On the NBC broadcast, analyst Brad Faxon said as much. Notably, Harman has been doing this for a while, including on putts. On the 17th green on Saturday, for example, his routine over a 3-foot par putt included eight phantom strokes behind the ball.
Then a make.
“It reminds me a little bit of [tennis star] Novak Djokovic when he does all these waggles and looks,” Faxon said. “He just takes his time until he’s ready. That’s what a routine is supposed to do.”
Colt Knost said as much, too.
He’s a longtime pro and a U.S. Amateur winner. Today, he’s an analyst for CBS and a host for GOLF’s Subpar podcast, among numerous other duties. And on Saturday afternoon, he weighed in over Twitter, too.
“The number of looks at the target and waggles will be interesting to watch tomorrow with Harman,” he wrote. “When he’s uncomfortable it gets much worse!”
I wanted to know more, so I emailed him.
“Hey, Colt! Just saw your tweet on Harman and the club waggle, so I’m curious for your thoughts, if you have a second.
“Why does a player do that?
“And what do you think when you watch it at the course or on the broadcast?”
“It’s just his nervous tick,” Knost wrote back. “Some players get faster. Some get slower and do all the waggles and looks. Others back off a lot.
“Pressure is a b—-!”
And there were the thoughts from Justin Parsons.
He’s Harman’s coach. He’s well-versed on all that is the golf swing, and a GOLF Top 100 Teacher. He’s also in Hoylake this week, and I texted him at 8:45 p.m. his time, a couple hours after Harman had finished his third-round 69.

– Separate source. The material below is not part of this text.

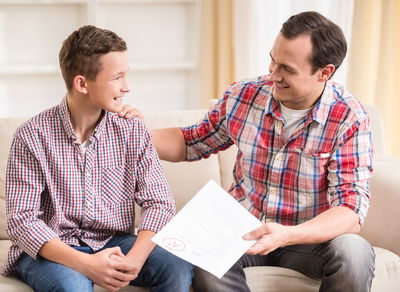 מומחים: אל תשבחו את ילדיכם על קבלת ציונים טובים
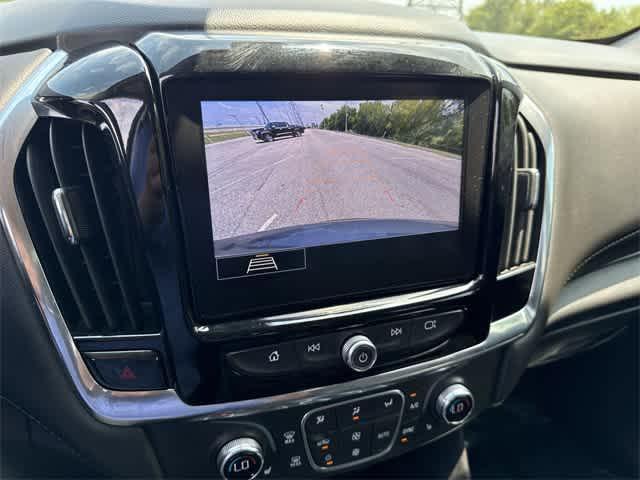 used 2021 Chevrolet Traverse car, priced at $25,936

“Hi, Justin! Congrats on the strong play this week. If you have a second, I have a question about Brian. I was wondering — what is his thought with his pre-shot routine? There’s chatter that it’s a little lengthy, but it also seems purposeful to me. But I’m curious about your thoughts! Good luck to the team tomorrow.”
“Very aware of it and something he’s working on, doesn’t pull the trigger until he’s ready.”
We’ll end things this way:
I texted back one more question.
“Do you think that could help in a scenario like tomorrow, to get him in a good spot amidst the pressure of a major?”
“Yes — he’s in a good space mentally.”